Your objective = Begin at the line below that has "a sunset on" and stop after the line that has "DreamBid. Image 11.". Please restate only those lines, word for word.
....
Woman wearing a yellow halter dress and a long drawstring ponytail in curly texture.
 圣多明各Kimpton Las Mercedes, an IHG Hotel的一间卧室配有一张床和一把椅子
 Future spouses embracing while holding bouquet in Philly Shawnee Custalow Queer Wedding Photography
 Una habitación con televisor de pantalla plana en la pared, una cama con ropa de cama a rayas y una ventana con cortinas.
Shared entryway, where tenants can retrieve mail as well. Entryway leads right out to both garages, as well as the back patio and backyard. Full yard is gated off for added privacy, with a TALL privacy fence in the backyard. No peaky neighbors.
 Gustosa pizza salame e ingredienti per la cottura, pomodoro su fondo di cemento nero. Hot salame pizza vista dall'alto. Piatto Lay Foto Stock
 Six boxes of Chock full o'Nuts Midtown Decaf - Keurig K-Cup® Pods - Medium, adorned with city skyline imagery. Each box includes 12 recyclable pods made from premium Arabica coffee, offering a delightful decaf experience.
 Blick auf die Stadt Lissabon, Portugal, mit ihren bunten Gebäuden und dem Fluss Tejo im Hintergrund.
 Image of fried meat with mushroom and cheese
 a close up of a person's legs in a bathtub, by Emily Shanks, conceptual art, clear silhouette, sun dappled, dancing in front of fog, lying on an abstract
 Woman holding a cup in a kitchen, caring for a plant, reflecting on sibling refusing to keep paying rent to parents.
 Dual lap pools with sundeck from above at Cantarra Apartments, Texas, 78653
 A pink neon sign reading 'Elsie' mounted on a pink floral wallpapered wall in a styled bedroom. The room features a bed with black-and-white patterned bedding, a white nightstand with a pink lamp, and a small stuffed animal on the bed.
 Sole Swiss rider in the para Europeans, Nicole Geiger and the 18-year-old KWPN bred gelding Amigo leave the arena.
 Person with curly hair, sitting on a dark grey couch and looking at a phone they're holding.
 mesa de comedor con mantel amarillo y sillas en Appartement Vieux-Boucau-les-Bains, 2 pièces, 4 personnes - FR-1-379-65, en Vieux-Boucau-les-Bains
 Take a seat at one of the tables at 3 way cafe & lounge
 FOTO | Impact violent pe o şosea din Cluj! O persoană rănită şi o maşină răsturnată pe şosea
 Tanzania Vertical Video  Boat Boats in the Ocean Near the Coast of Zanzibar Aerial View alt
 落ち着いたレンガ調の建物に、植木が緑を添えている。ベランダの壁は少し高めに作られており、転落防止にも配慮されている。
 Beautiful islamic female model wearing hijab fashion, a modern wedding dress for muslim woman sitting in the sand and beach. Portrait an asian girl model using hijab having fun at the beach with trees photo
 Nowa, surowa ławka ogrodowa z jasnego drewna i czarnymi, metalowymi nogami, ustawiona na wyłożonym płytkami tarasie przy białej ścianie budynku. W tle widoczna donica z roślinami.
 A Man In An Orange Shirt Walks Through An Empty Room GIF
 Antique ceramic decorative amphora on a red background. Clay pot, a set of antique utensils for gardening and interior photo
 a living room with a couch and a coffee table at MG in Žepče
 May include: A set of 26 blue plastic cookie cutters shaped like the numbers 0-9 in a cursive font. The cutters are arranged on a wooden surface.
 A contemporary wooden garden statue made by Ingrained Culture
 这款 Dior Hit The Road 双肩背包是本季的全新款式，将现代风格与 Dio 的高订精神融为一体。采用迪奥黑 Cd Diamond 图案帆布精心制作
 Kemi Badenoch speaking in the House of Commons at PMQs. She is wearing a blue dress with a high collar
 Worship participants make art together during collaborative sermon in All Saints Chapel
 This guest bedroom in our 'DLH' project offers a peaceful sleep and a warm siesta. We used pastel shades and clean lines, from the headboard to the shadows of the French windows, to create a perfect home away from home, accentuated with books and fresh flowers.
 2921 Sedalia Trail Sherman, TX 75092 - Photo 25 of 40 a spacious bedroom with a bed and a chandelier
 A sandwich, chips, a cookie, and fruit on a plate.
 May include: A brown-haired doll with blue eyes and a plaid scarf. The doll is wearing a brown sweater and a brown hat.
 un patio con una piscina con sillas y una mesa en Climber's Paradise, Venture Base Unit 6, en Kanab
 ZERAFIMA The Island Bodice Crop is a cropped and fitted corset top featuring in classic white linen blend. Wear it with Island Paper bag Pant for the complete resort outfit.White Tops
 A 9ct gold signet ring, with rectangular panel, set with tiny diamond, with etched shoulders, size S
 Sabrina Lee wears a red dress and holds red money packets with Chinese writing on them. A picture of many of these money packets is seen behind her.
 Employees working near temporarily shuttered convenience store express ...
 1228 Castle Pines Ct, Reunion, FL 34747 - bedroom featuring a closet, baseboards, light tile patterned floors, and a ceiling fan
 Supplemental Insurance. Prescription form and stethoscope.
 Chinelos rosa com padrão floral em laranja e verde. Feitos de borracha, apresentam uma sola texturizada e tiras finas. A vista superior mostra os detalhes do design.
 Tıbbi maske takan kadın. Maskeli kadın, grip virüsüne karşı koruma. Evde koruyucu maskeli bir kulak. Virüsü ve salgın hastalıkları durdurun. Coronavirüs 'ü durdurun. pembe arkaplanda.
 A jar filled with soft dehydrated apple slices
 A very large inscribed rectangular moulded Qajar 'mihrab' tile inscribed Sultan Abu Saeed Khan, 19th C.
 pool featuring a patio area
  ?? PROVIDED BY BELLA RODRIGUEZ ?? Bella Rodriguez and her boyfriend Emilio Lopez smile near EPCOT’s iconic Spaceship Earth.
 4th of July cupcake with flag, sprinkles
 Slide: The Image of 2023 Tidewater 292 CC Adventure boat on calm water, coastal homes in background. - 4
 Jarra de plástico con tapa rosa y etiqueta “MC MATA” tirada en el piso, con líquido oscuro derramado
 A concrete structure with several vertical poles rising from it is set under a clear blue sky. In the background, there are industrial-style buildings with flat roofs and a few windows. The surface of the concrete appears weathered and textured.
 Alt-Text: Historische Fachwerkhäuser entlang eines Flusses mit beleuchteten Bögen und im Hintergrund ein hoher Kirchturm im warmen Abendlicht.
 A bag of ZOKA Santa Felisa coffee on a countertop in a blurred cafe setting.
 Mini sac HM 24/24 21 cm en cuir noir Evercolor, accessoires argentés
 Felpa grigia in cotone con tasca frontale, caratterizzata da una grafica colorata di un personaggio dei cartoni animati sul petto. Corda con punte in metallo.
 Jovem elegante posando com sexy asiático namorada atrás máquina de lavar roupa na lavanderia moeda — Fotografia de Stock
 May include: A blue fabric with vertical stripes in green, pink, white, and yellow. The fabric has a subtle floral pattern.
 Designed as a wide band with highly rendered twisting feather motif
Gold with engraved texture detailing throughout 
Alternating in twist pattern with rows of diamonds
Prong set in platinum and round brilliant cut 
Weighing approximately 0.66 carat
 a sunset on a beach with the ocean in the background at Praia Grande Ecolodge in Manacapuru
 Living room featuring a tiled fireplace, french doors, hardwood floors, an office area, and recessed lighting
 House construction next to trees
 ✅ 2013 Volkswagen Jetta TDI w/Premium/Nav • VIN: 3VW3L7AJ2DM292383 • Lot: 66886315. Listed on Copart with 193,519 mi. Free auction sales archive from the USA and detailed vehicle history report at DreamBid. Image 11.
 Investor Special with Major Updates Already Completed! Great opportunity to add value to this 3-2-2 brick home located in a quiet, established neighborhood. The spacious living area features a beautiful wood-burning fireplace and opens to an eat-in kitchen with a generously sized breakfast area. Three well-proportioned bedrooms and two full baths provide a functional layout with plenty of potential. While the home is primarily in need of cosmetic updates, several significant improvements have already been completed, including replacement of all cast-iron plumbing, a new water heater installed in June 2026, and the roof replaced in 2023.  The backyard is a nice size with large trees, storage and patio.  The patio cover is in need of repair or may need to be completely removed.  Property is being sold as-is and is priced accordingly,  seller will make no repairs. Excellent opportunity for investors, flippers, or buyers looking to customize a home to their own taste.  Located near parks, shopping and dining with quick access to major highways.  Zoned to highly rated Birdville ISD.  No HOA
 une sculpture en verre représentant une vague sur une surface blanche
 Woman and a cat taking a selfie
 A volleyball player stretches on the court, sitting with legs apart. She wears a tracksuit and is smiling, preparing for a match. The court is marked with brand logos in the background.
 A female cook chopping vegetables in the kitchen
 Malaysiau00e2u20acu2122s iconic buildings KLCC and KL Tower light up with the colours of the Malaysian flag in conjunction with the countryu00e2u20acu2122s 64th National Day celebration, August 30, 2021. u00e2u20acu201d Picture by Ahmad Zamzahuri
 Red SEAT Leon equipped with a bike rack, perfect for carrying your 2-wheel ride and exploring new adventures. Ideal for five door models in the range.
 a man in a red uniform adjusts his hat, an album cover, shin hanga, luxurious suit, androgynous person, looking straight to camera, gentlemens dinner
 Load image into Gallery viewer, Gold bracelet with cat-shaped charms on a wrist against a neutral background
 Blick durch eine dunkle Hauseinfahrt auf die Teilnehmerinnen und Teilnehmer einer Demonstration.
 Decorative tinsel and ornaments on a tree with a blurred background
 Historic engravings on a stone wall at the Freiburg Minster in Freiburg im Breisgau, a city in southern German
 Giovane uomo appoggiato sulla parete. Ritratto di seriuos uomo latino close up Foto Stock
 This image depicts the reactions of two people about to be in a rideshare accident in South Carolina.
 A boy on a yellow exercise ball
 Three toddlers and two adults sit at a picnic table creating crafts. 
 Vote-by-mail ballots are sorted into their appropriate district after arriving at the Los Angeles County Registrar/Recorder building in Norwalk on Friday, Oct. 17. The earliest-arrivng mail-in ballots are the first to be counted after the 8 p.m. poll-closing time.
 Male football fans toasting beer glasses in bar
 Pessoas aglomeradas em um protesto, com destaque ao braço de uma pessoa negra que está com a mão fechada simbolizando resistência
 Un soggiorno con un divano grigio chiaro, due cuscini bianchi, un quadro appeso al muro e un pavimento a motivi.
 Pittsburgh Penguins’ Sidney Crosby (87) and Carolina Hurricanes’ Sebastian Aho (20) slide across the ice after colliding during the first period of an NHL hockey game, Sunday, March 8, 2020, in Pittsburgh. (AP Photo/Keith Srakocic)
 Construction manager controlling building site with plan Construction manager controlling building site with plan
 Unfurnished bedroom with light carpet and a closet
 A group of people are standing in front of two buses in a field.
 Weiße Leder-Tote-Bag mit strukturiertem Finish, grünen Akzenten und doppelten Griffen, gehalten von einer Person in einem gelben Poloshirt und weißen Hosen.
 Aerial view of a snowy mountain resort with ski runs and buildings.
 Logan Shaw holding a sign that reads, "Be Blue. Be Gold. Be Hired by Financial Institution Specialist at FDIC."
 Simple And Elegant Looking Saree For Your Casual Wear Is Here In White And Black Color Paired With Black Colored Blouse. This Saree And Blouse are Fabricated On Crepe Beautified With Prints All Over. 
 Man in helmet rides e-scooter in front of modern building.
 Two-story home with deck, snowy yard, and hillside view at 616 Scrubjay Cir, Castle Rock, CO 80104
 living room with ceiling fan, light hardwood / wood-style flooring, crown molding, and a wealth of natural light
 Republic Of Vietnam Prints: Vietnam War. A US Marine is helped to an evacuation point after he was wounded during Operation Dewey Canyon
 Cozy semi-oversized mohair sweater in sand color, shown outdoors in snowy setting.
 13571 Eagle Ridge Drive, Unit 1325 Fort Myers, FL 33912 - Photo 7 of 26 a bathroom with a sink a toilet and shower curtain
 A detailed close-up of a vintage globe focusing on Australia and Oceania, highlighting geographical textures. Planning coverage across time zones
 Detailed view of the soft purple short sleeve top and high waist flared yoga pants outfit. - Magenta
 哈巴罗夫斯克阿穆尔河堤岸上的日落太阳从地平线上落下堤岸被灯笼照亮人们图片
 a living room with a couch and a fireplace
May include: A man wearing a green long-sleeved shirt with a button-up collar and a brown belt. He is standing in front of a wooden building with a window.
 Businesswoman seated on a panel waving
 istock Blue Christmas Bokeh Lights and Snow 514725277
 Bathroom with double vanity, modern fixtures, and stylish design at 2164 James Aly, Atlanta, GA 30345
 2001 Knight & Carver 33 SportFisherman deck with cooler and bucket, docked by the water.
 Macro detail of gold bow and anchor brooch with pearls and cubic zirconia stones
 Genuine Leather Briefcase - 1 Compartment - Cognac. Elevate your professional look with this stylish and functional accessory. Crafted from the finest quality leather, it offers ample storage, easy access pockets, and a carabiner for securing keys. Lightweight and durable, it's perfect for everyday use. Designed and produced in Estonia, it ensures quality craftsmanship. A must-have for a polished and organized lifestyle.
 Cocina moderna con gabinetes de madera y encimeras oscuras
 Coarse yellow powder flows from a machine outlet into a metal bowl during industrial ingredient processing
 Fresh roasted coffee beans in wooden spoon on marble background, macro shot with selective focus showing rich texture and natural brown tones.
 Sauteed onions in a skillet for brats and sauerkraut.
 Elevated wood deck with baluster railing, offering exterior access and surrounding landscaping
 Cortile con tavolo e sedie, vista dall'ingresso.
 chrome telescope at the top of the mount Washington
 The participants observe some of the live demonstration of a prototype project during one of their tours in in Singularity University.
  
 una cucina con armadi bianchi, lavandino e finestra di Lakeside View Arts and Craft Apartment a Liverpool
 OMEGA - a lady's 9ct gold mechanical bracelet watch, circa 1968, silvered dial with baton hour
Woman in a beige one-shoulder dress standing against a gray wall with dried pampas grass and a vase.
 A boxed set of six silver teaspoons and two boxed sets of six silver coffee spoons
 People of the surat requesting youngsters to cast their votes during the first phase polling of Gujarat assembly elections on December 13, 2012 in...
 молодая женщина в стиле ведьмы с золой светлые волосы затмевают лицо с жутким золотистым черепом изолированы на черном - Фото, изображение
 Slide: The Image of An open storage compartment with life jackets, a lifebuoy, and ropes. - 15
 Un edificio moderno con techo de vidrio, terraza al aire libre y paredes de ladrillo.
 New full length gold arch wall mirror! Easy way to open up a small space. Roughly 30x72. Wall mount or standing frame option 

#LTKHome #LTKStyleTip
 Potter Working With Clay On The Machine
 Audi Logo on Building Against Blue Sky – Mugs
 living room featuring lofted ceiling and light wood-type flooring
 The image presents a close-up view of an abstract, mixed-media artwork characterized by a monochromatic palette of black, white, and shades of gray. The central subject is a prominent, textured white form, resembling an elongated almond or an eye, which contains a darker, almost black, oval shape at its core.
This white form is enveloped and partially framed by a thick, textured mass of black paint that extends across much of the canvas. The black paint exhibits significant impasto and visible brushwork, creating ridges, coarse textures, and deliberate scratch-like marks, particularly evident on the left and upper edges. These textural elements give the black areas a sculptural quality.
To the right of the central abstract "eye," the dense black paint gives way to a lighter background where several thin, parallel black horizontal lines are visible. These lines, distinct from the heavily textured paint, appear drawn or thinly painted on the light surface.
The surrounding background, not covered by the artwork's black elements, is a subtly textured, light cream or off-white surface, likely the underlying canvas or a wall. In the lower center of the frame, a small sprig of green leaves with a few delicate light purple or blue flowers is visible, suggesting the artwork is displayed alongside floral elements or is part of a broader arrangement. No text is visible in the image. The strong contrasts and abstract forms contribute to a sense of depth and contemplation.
....
Task response =
 a sunset on a beach with the ocean in the background at Praia Grande Ecolodge in Manacapuru
 Living room featuring a tiled fireplace, french doors, hardwood floors, an office area, and recessed lighting
 House construction next to trees
 ✅ 2013 Volkswagen Jetta TDI w/Premium/Nav • VIN: 3VW3L7AJ2DM292383 • Lot: 66886315. Listed on Copart with 193,519 mi. Free auction sales archive from the USA and detailed vehicle history report at DreamBid. Image 11.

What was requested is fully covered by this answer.